Patient: "Alles klar."
Arzt: "Kommen Sie gut nach Hause."
Patient: "Danke, danke."
Arzt: "Wenn Sie zufrieden sind, kommen Sie wieder in unsere 'Ästhetik'-Welt. Ciao, ciao."
Patient: "Ciao!"
Es ist nun fast 20 Uhr, Karsten Lange gähnt, er hat einen langen Tag hinter sich. Das Geschäft brummt, es läuft bestens für den Berliner Arzt, der auch immer mehr Fachkräfte in seiner 530 Quadratmeter großen "Ästhetikwelt" ausbildet. Und: Wer einmal Kunde ist, kommt wieder, so seine Erfahrung. Denn wenn die Wirkung des Nervengiftes nach ein paar Monaten nachlässt, kommt mit den Falten auch die alte Enttäuschung zurück. Irgendwann doch sichtbar altern? Das wollen nur die wenigsten seiner Kunden erdulden.
Arzt: "Was aber leider und ich sage mal für mich zum Glück immer wieder passiert, ist dass die Patienten einfach so einen tollen Erfolg verspüren, entweder sind die Falten total weg oder die Migräne ist deutlich besser oder das Aussehen ist besser – und wenn das Preis-Leistungsverhältnis dann so ist, dann passiert das was ich immer sage: Zu 99 Prozent macht Botolinumtoxin süchtig, weil die Kunden eigentlich alle wiederkommen."
Pathologisch werde es erst dann wenn Patienten nach kurzer Zeit erneut vor der Tür stehen, um das Glücksgefühl sofort wieder haben zu wollen, sagt Karsten Lange dann noch. Auch solche Menschen kommen zu ihm in seine funkelnde "Ästhetikwelt", einen Ort, der auch an trüben Großstadt-Tagen einen Hauch von Hollywood verspricht.

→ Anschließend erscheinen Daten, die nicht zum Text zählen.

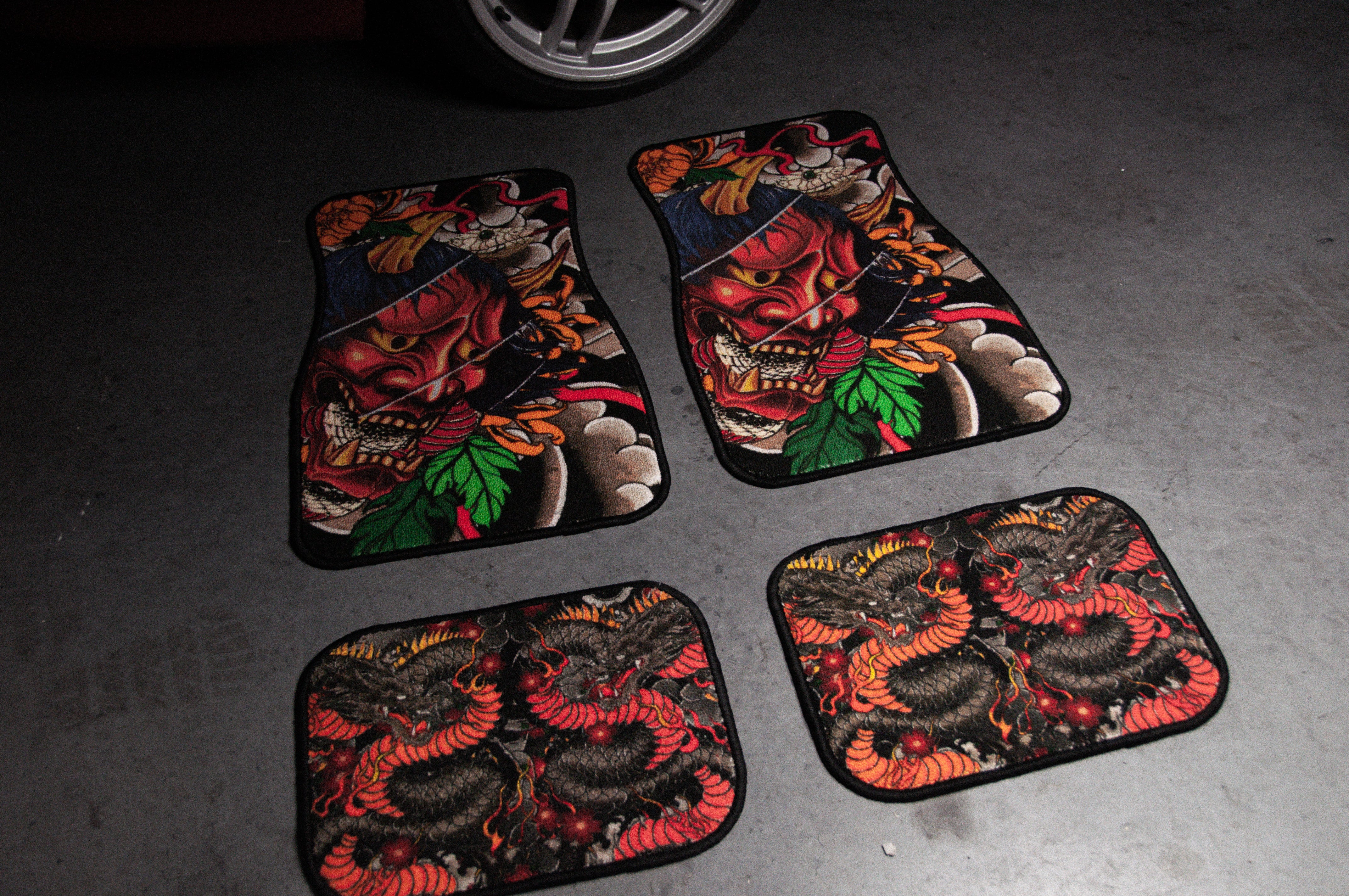 Oni Mask x Snake: Japanese Tattoo Style | Floor Mats (Pair)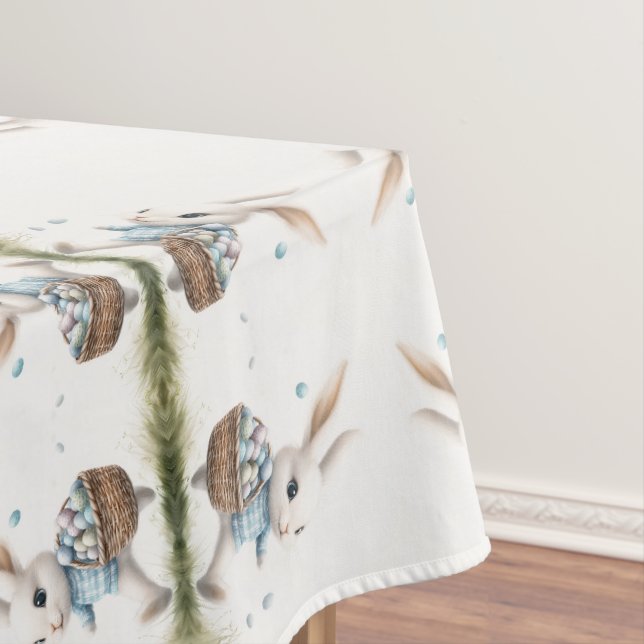 Happy Easter Bunny and Egg Basket Pattern Tableclo Tablecloth (In Situ)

Im Wartebereich, auf dem lila Sofa neben dem leise plätschernden Brunnen, sitzt immer noch jene Frau, die mit sich selber spricht. Ihre Augen sehen müde aus. Die gänzlich faltenfreie, wie ein Laken über die knochigen Konturen gespannte Haut, soll sichtlich den Eindruck erwecken, Alter und Tod transzendiert zu haben. Durch das offensichtliche "Zuviel” des Nervengiftes ist jedoch genau das Gegenteil eingetreten. Als Dr. Lange sie endlich aufruft, leuchten die Augen der scheinbar alterslosen Dame, hastig eilt sie in das Behandlungszimmer – und schließt die Tür hinter sich.